Ilustrasi (ANTARA/Anis Efizudin)
Perempuan kelahiran Jakarta, 28 Juli 1956 itu juga menjelaskan terkait pergantian komisi penilaian AMDAL menjadi uji kelayakan. Ia mengatakan, dalam kurun waktu satu tahun, kira-kira dokumen AMDAL yang harus dianalisis itu mencapai 1.500. Dengan kondisi tersebut, pihaknya melakukan adjustment atau pengaturan terhadap komisi penilai AMDAL.
"Saya ingin menegaskan bahwa dasar pemikiran pergantian sistem komisi penilai AMDAL dengan sistem uji kelayakan adalah berdasarkan evaluasi dan praktik empiris yang ada selama ini yang menyulitkan, sehingga dipahami oleh semua pihak di berbagai tempat kok lama sekali ya AMDAL-nya," jelasnya.

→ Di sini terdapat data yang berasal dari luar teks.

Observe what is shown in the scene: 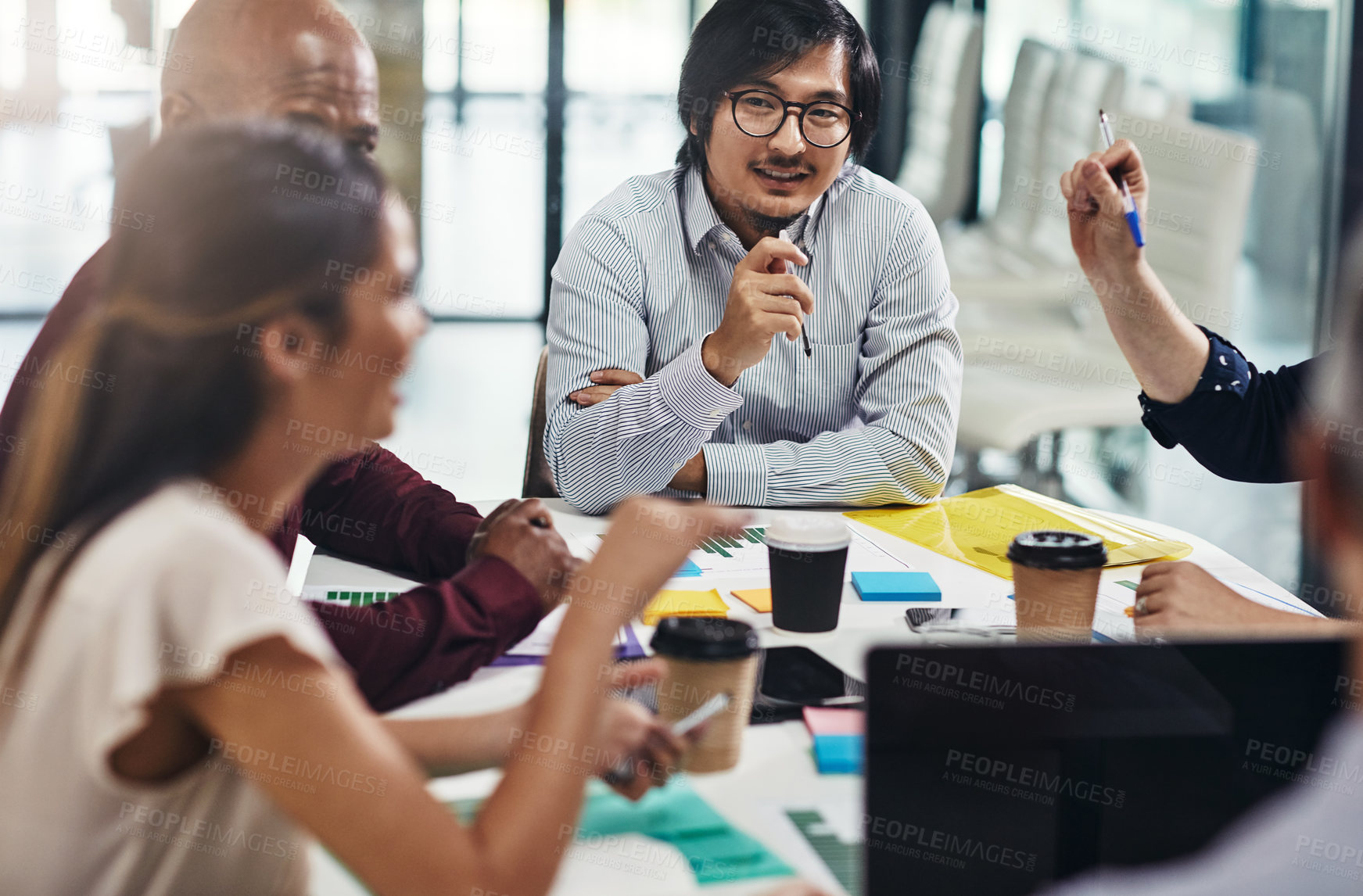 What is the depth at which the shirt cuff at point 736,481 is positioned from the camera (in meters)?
1.81

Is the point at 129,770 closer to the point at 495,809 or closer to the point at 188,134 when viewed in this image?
the point at 495,809

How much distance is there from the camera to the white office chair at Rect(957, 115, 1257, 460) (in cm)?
288

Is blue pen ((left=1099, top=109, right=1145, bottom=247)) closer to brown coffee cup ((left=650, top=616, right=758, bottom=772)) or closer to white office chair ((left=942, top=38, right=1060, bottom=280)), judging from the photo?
brown coffee cup ((left=650, top=616, right=758, bottom=772))

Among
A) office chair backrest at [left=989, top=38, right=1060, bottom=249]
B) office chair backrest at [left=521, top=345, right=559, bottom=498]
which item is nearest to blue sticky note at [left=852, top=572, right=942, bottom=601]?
office chair backrest at [left=521, top=345, right=559, bottom=498]

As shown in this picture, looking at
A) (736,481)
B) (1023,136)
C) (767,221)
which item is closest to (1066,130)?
(1023,136)

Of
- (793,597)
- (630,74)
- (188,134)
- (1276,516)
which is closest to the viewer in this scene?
(188,134)

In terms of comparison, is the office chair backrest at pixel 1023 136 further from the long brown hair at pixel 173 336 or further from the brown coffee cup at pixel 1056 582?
the long brown hair at pixel 173 336

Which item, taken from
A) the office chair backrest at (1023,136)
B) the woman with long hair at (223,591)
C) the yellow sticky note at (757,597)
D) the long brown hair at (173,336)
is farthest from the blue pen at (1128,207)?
the office chair backrest at (1023,136)

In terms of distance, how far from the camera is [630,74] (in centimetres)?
573

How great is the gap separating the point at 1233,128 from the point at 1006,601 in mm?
3214

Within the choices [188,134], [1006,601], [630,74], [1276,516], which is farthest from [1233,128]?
[188,134]

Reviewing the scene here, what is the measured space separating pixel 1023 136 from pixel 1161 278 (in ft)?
6.61

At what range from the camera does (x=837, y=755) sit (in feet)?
3.20

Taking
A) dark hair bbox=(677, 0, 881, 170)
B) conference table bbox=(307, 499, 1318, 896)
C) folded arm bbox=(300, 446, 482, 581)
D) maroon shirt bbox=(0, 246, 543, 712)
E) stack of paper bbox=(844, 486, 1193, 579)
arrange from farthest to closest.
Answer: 1. dark hair bbox=(677, 0, 881, 170)
2. stack of paper bbox=(844, 486, 1193, 579)
3. folded arm bbox=(300, 446, 482, 581)
4. maroon shirt bbox=(0, 246, 543, 712)
5. conference table bbox=(307, 499, 1318, 896) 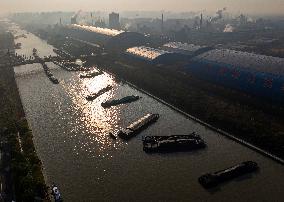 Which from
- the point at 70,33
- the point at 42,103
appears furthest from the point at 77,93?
the point at 70,33

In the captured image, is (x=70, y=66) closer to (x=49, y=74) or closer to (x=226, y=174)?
(x=49, y=74)

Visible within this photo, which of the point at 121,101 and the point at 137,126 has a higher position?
the point at 137,126

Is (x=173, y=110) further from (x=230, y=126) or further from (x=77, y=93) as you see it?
(x=77, y=93)

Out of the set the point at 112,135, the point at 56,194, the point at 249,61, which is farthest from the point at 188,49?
the point at 56,194

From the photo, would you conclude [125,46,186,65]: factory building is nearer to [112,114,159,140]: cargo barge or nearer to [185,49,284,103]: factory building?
[185,49,284,103]: factory building

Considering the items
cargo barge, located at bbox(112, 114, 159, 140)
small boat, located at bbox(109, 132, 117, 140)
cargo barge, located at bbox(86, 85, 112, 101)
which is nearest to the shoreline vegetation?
small boat, located at bbox(109, 132, 117, 140)

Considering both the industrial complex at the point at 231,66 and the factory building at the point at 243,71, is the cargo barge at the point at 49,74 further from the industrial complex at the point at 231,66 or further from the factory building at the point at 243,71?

Dengan kondisi seperti itu, lanjutnya, dilakukan penyesuaian prosedur dan sistemnya dengan penerapan uji kelayakan oleh lembaga uji kelayakan.
"Sehingga terjadi standarisasi sistem, konsepnya dilakukan uji kelayakan yang dibentuk oleh pemerintah pusat dalam melakukan tugasnya, dia membantu gubernur, bupati, wali kota menerbitkan persetujuan lingkungan," kata Siti.
Dengan sistem tersebut, Siti menilai uji kelayakan dilaksanakan sesuai dengan Norma Standar, Prosedur dan Kriteria (NSPK). Untuk jumlah tim uji kelayakan akan disesuaikan dengan beban penilaian AMDAL di masing-masing daerah.
"Sehingga keterlambatan akibat penumpukan beban dapat dihindari, nah tim uji kelayakan ini adalah para ahli yang akan banyak terlibat dan kepadanya sebagai anggota dipersyaratkan harus memiliki sertifikat agar dokumen AMDAL dapat dipertanggungjawabkan secara saintifik ilmiah," lanjutnya.